(Directors: Gunther von
Fritsch, billed as Gunther V. Fritsch, and Robert Wise. Screenplay by DeWitt Bodeen.)
Storyline
An imaginative young girl makes
friends with a reclusive, old actress and the ghost of her father’s first wife.
Review
More than six years after the
events of CAT PEOPLE (1942), Alice and Oliver Reed are parents to
six-year-old Amy─an imaginative, mostly solitary girl whose often-happy flights
of fantasy vex the still-uptight Oliver, remind him of his insane, dead first
wife, Irena Dubrovna (Simone Simon, reprising her role from the 1942 film).

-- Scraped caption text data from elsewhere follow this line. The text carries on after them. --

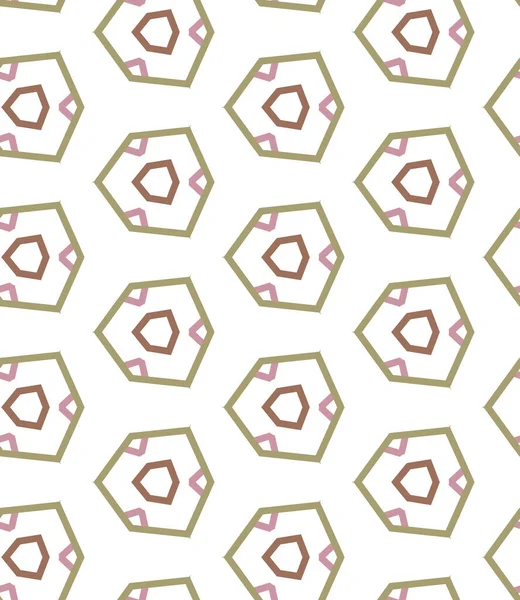 Záběry Bezešvým Geometrickým Ornamentálním Vzorem Abstraktní Iluzní Pozadí — Stockový vektor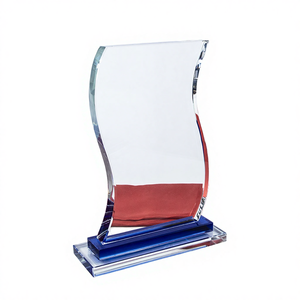 Trofeo Deportivo de Cristal MH-NJ00835 al por Mayor de Fábrica - Premio de Campeón Personalizado con Impresión UV y Técnica de Arenado, Forma Irregular - Product Image 4
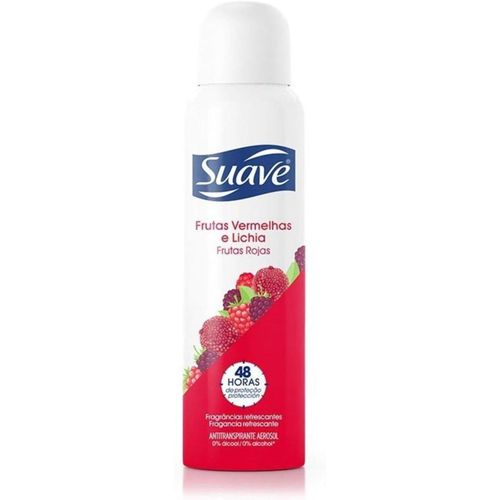 Kit c/2 Unidades de Desodorante Suave Aero Frutas Vermelhas 150ml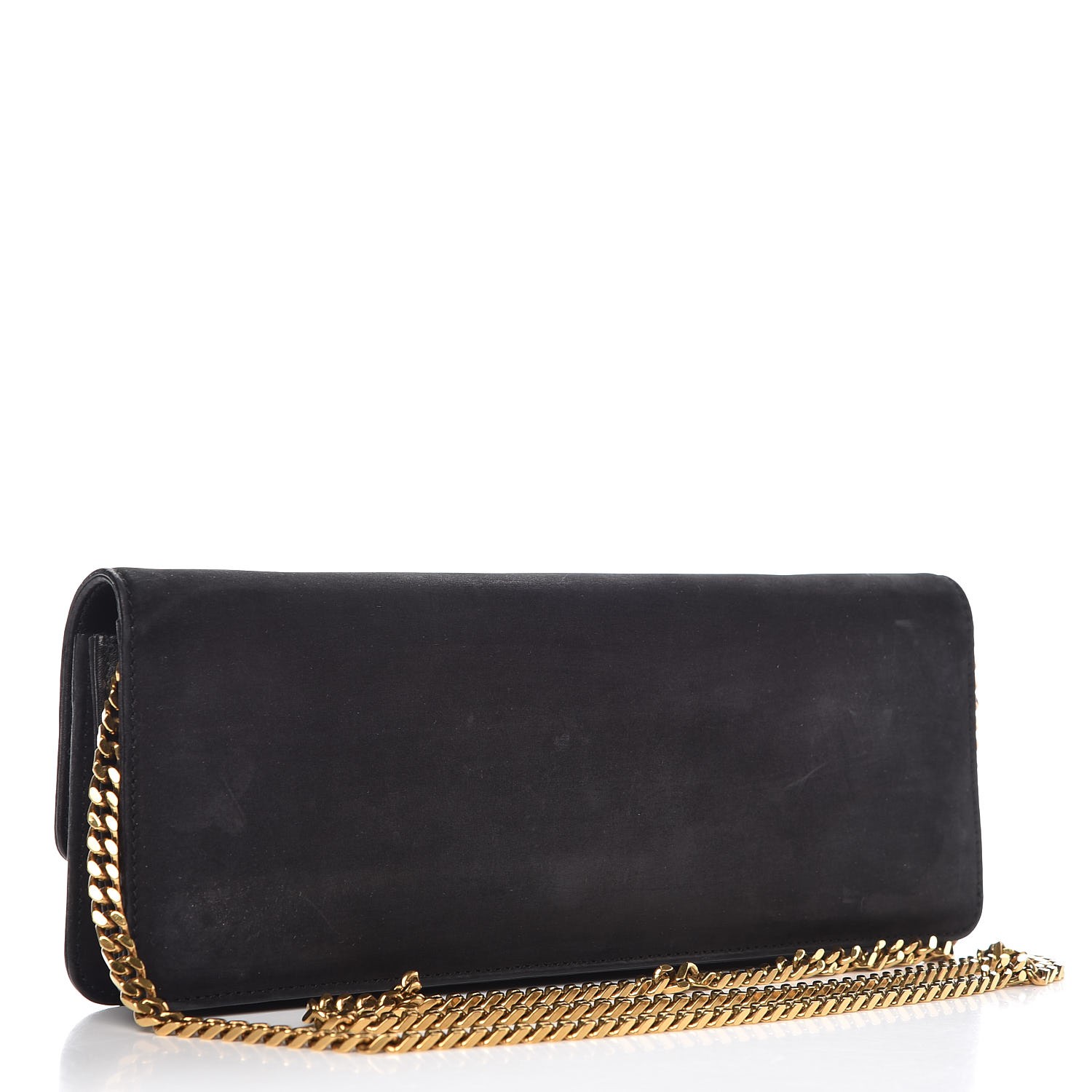 gucci black suede clutch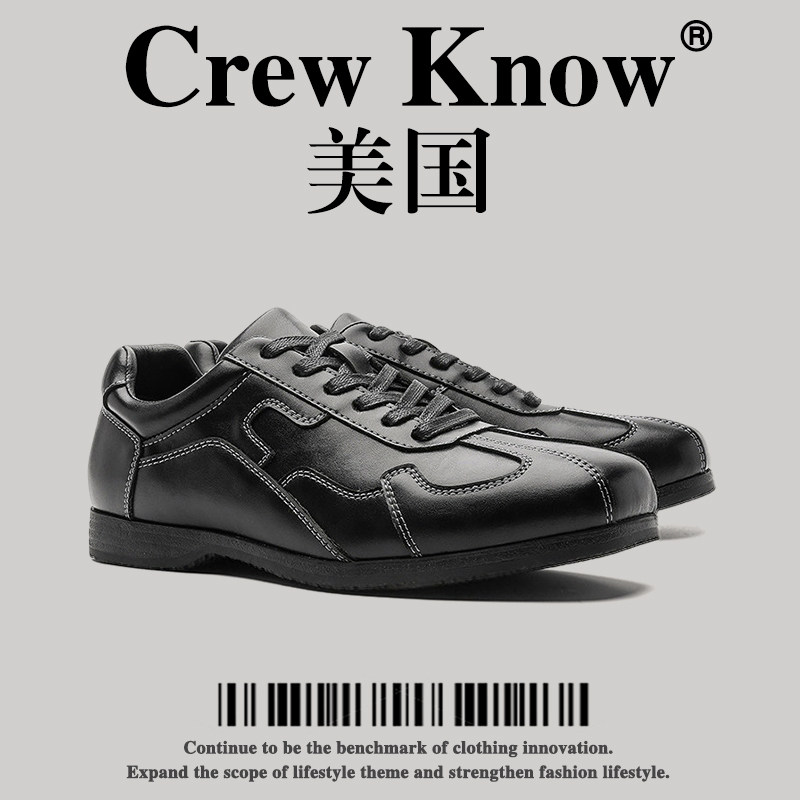 【美国CREW KNOW高奢】德训鞋男款女轻便2026新款休闲平底系带潮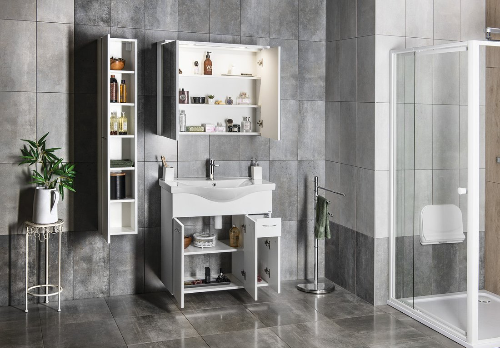 Keramia Fresh 50082A umývadlová skrinka 74,5x74x34,7 cm, biela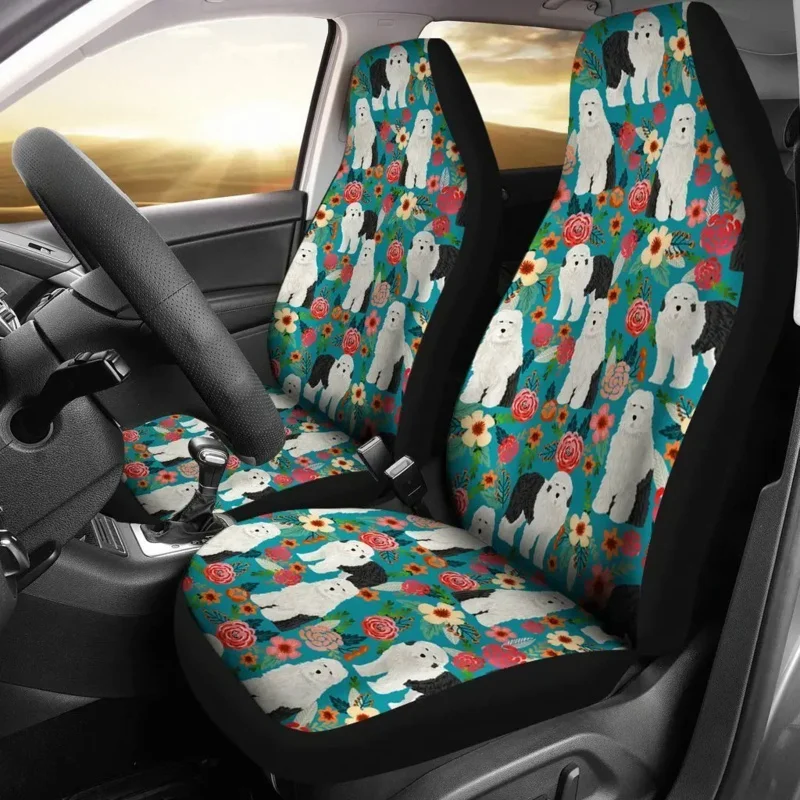 Old English Sheepdog Floral Print Covers Set 2 Pc, Car Accessories Seat Cover
Old English Sheepdog Floral Print Covers Set 2 Pc, Car Accessories Seat Cover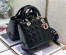 Dior Lady Dior Medium Bag in Black Patent Cannage Calfskin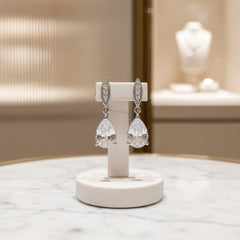 Cubic Zirconia Collection - Classic Sparkle Earrings - CZER390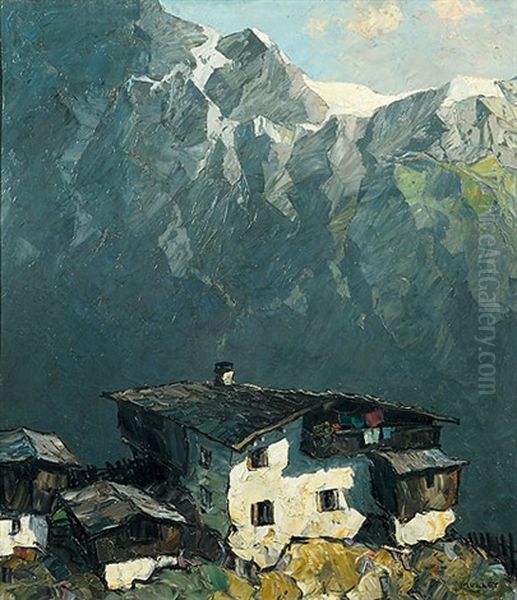 Am Berghang Oil Painting by Oskar Mulley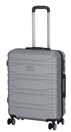 Featherstone 8 Wheel Hard Medium Suitcase - Silver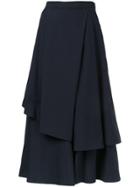 Enföld Layered Midi Skirt - Blue
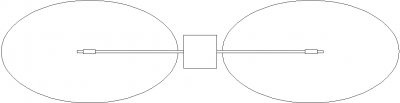 1824mm Top Length Simple Elegant LED Chandelier Plan dwg Drawing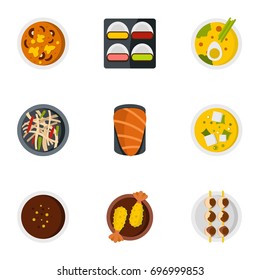parts icons set. Flat set of 9 parts vector icons for web isolated on white background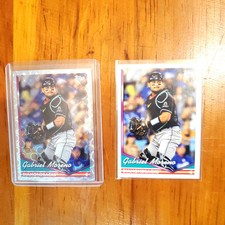 2024 Topps Archives #215 Gabriel Moreno Endcap SP Foilboard + Base Pair DBacks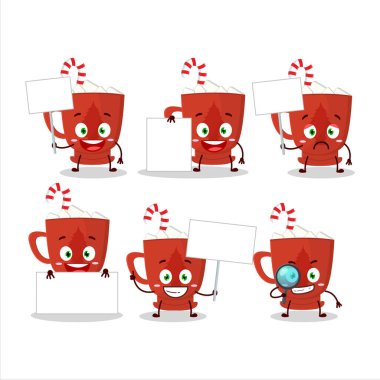 Cam ağacı olan süt, çizgi film karakteri bilgi panosu getirir. Vektör illüstrasyonu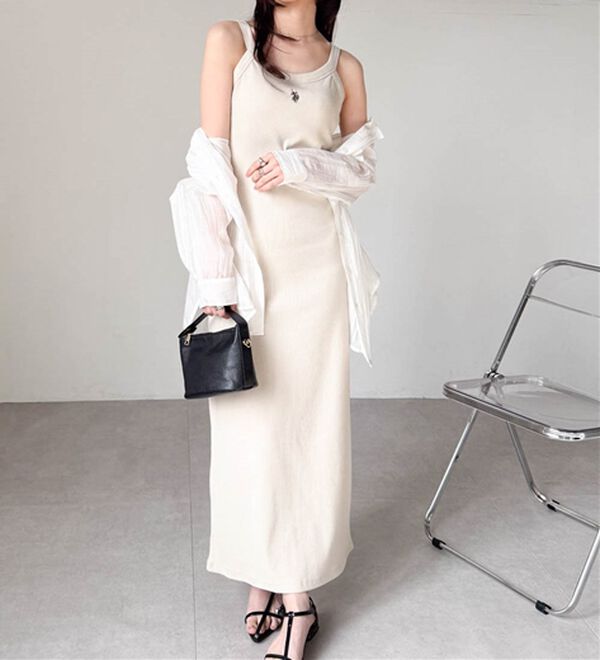 RANAN（ラナン）の「＜U.S.POLO ASSN.＞カップ付アメスリリブワンピース（カットソーワンピース）」｜詳細画像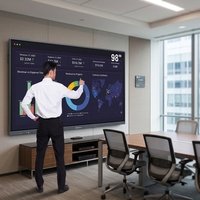 Интерактивная плоская панель Smart White Board для образования, настенная, для детей, с функцией рисования, 98 дюймов, Android, интерактивная умная доска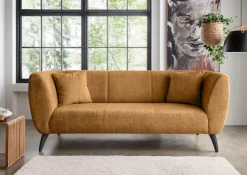 Home affaire Ecksofa »Lazio modern und bequem, schmale Armlehnen, tolle Detailverarbeitung« zwei verschiedene Fußfarben wählbar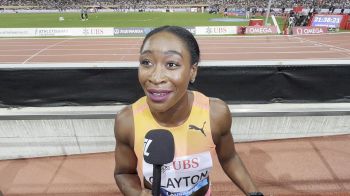 "I am Stronger Than I Thought I Was" Rushell Clayton After 400mH Race At Lausanne Diamond League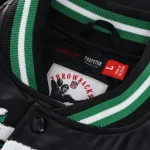 Trapstar X New York Jets Satin Bomber Jacket-2
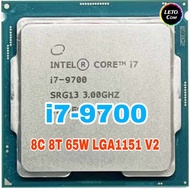 ซีพียู CPU i7 9700 3.0Ghz / Turbo 4.7Ghz/ 8คอร์ 8เทรด / 65W / 14nm ฟรีซิลิโคลนซอง i7 9700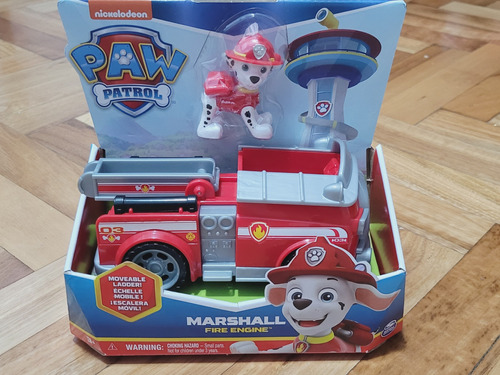 Paw Patrol Vehiculo Con Figura Marshall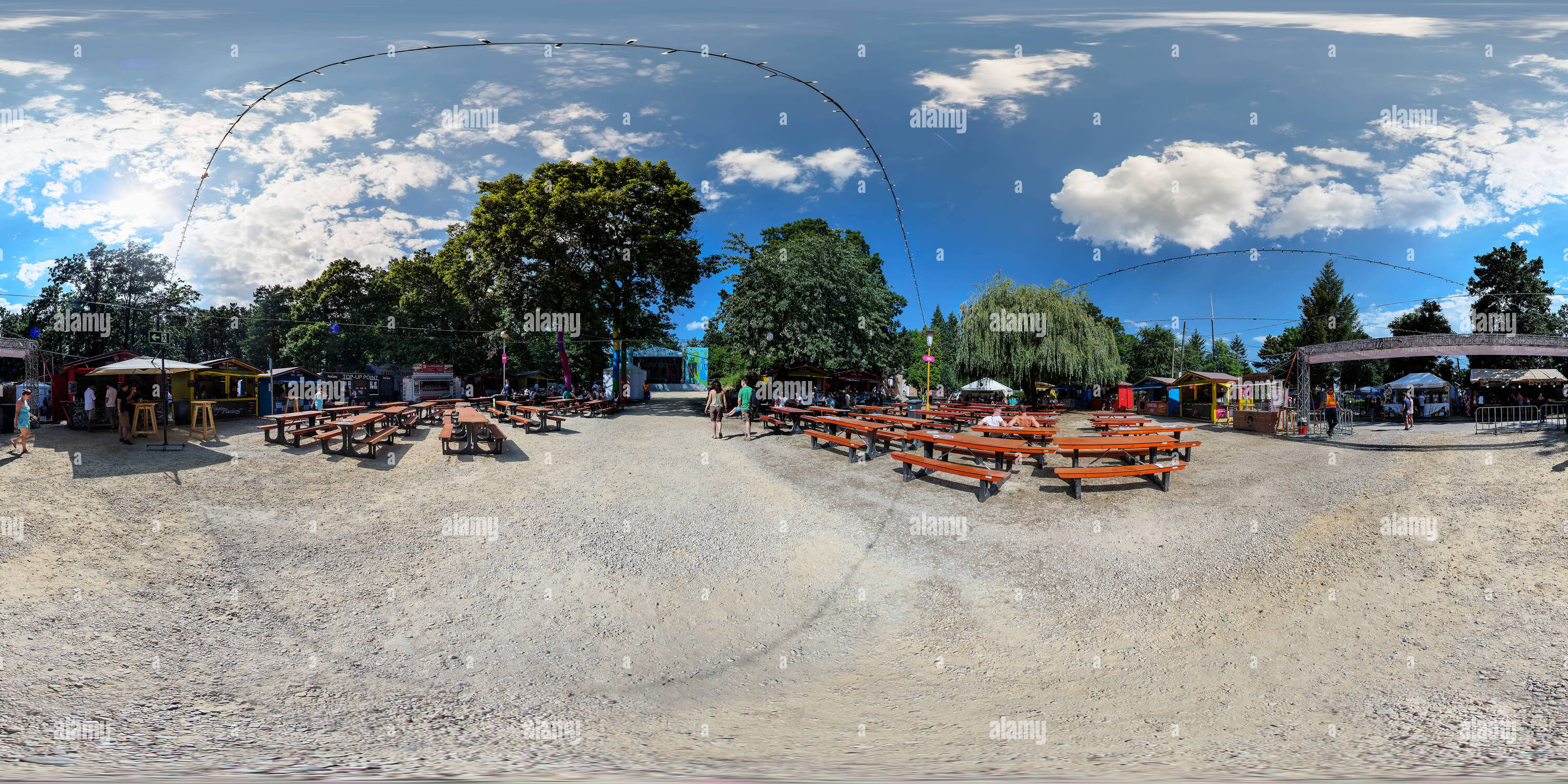 Vue panoramique à 360° de Balaton Sound Festival 2016 Nappall v 34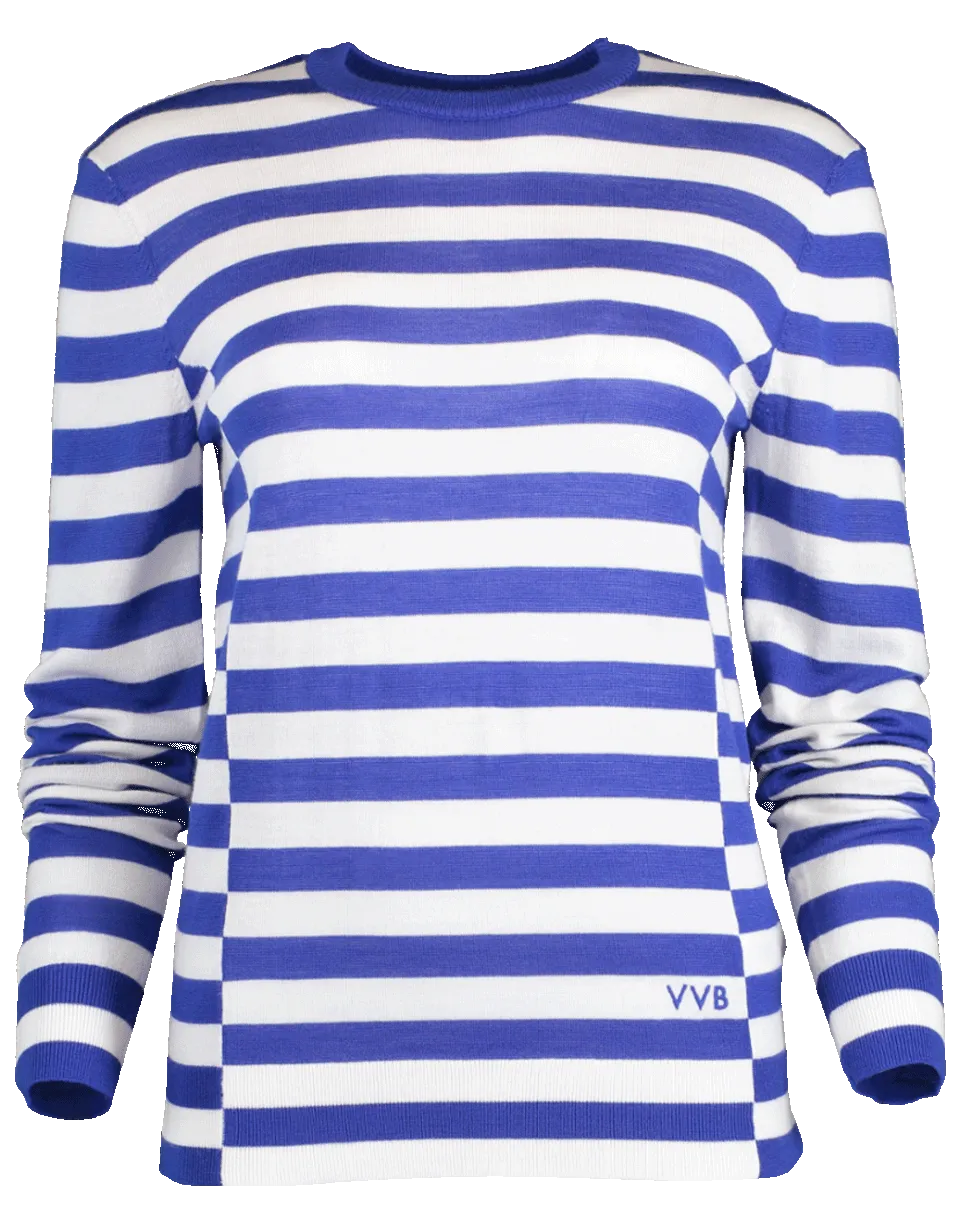 Shift Seam Stripe Sweater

Amy becomes afternoon sitting-room
friends with Mrs. Julia Farren (Julia Dean), an old, reclusive, and
tale-telling actress who lives in a big spooky house with her adult, bitter
daughter, Barbara (Elizabeth Russell, THE SEVENTH VICTIM, 1943).
Julia gives Amy a “wishing
ring.” Later, Amy, wearing the ring in her backyard, asks for a friend, one
who’s not mean like the other girls. Irena appears to the six-year-old just as
everything around them becomes dreamlike, magical. The ghost of the Serbian
fashion designer sings to the girl, soothes her, setting the tone for their future
meetings, sometimes in shadowy dreams.
Oliver’s
stern concern about his daughter’s wandering mind becomes alarm when Amy finds
a badly hidden picture of him and Irena together, then reveals her friendship
with the dead woman. Alice is firm, sensitive, and mostly cool-headed (like she
was in the 1942 film) about what she calls Amy’s “imaginary friend.”
More
drama, involving a blizzard, Amy, Oliver, and the Farrens, follows, culminating
in a satisfying, sweet and tone-consistent finish.
This
tangentially linked sequel to CAT has a different feel to than
its source film. CAT was about sexual repression. CURSE is
about childhood, with its terrors and wonders.
While
I like CAT slightly better, CURSE isn’t a lesser film─it’s
simply my preference for CAT's themes, as everything in these
films works.
(In conveying childhood joys and fears, the
latter cinematic offering is on par with Charles Laughton’s 1955 masterpiece THE NIGHT OF THE HUNTER.)
CURSE’s
cast and crew nailed it when they put it together. This is Gunther von Fritsch
and Robert Wise’s first credited-director feature. DeWitt Bodeen penned the
screenplay. (Bodeen also co-wrote the screenplay for SEVENTH and wrote CAT’s script.)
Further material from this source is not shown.